An example is the case of Joseph—one day, a slave in Pharaoh’s prison, the next, propelled into top leadership in the land of his suffering. In charge of an unprecedented food security operation, his mandate was to insulate Egypt against a catastrophic seven-year famine. As the years rolled by, everything appeared to go as planned. He was at the height of Egyptian hierarchy, next only to the pharaoh.
But underneath Joseph’s success lingered questions about how to make sense of the twisted trajectory of his life. God had been good to him. Yet somehow the troubling memories were difficult to forget. We get a glimpse of Joseph’s lingering pain just after the birth of his firstborn son: “ ‘God has made me forget all my trouble and all my father’s household’ ” (Gen. 41:51, NIV; emphasis added).
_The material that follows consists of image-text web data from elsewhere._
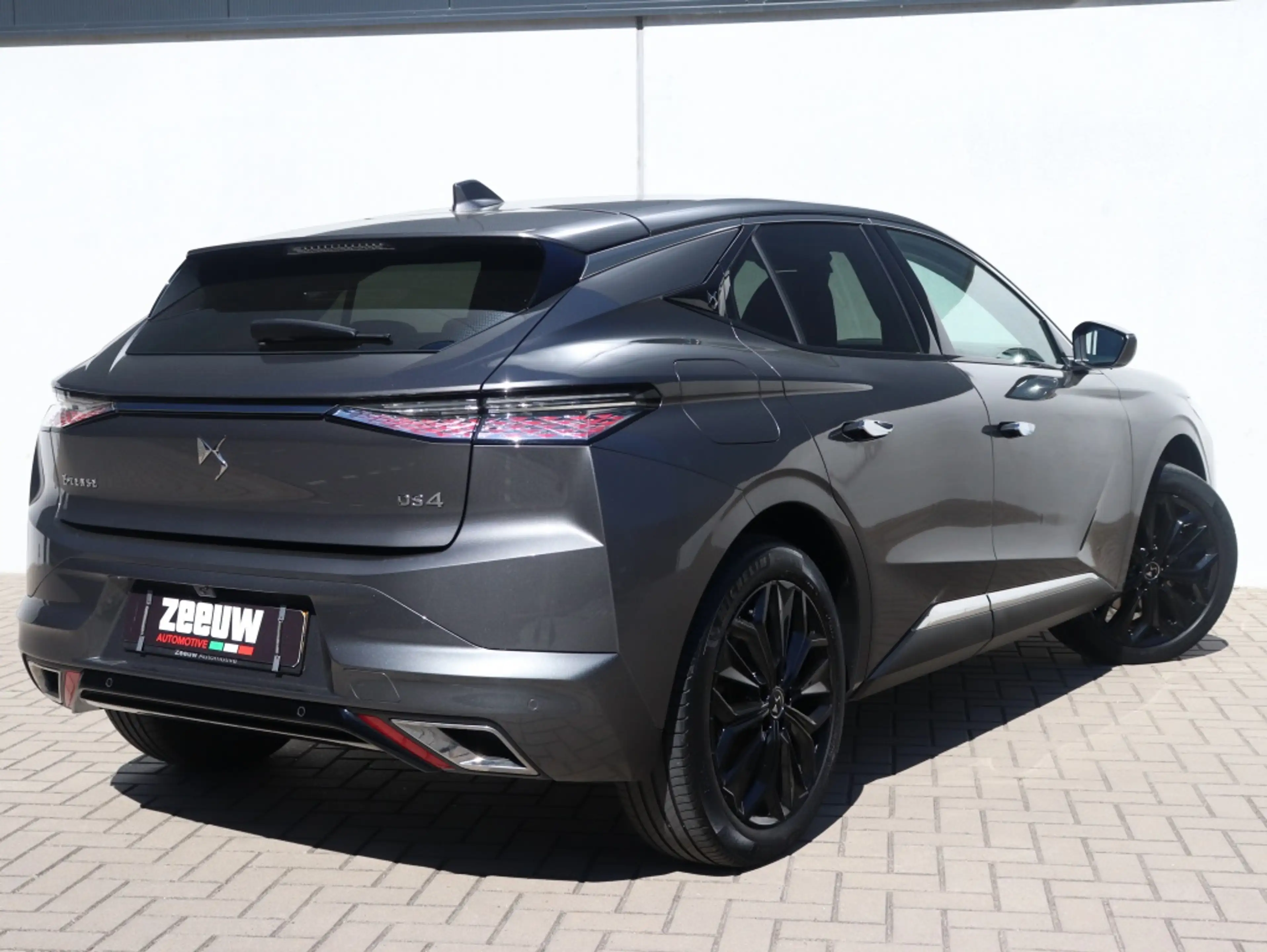 DS Automobiles DS 4 E-Tense 225 PK Rivoli | Leder | HUD | FOCAL | Wint — photo 2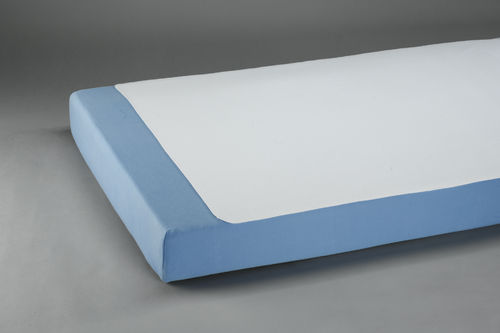 Bettauflage Molton PVC beschichtet, Kanten geschnitten - verschiedene Größen auswählbar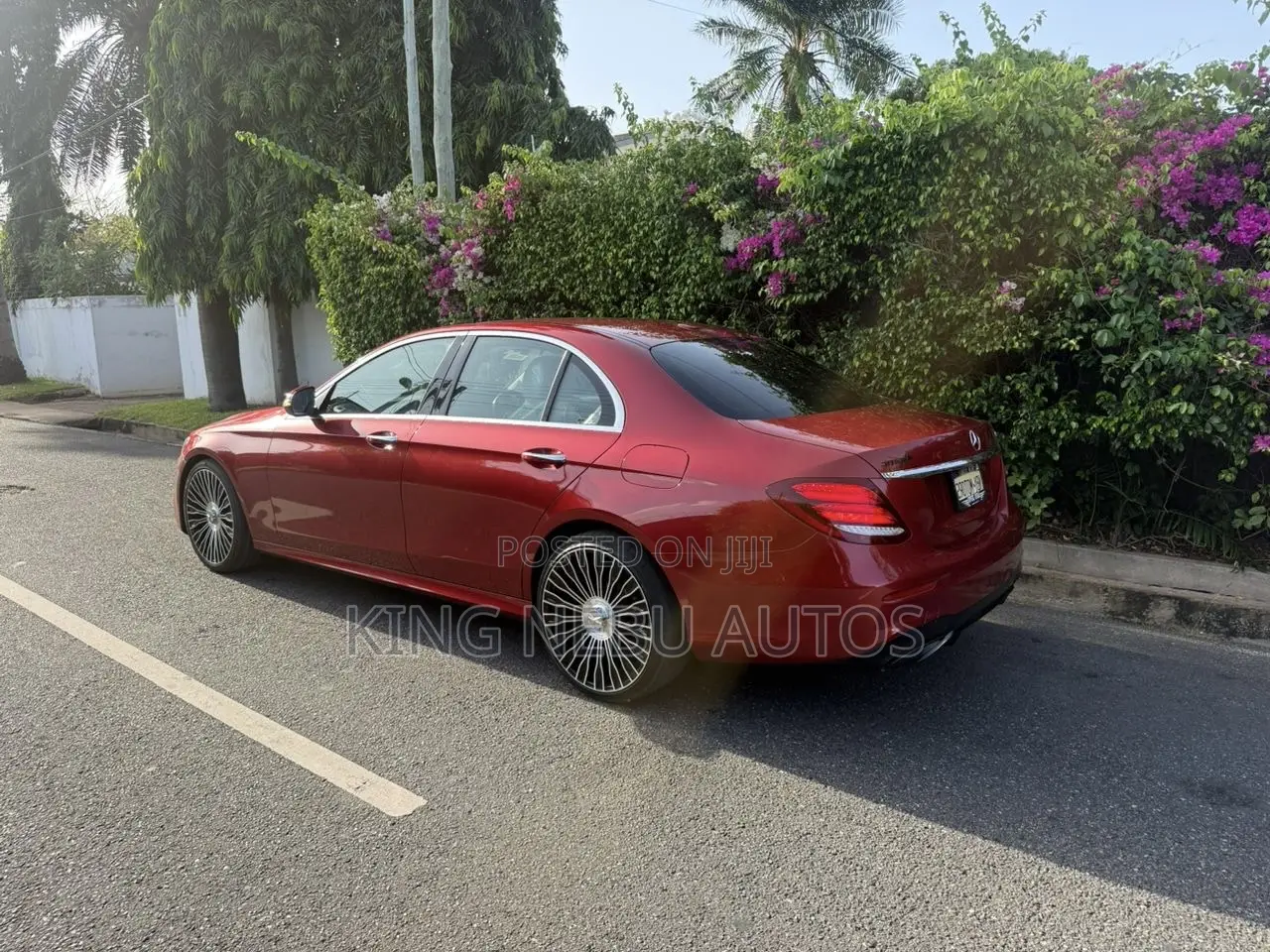 Mercedes-Benz E350 2021 Red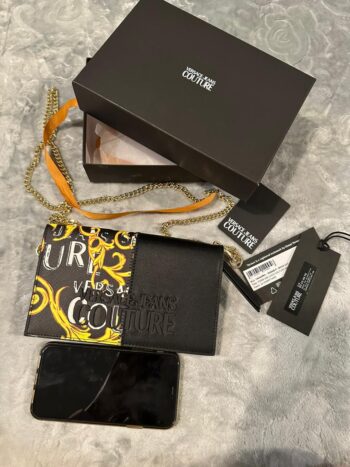 شنطة فرزاتشي جينز Versace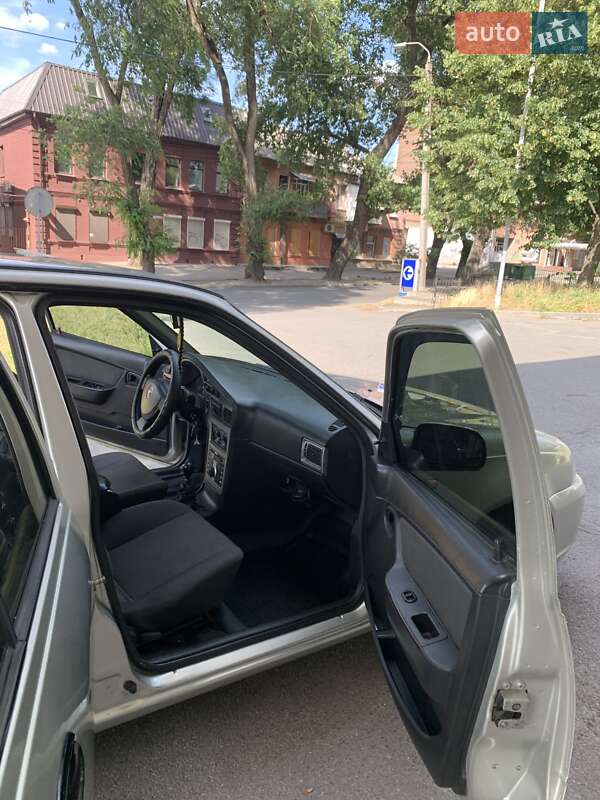 Седан Daewoo Nexia 2008 в Днепре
I know the feeling of wanting to forget the past. I grew up poor. My father left our family before I was six. My mother’s work brought in barely enough to pay the bills. So we rented out part of our apartment to make ends meet. Our clothes were hand-me-downs. Being Adventist, I was strange in the eyes of my neighborhood friends. I was different.
I still marvel at how Jesus drew me into His orbit. It happened during a week of prayer in my last year of high school. Although at first I resisted attending, God used the voice of a pastor to bring me to know Jesus as my personal Savior. Through the pastor’s voice, Jesus called me to surrender my life to Him.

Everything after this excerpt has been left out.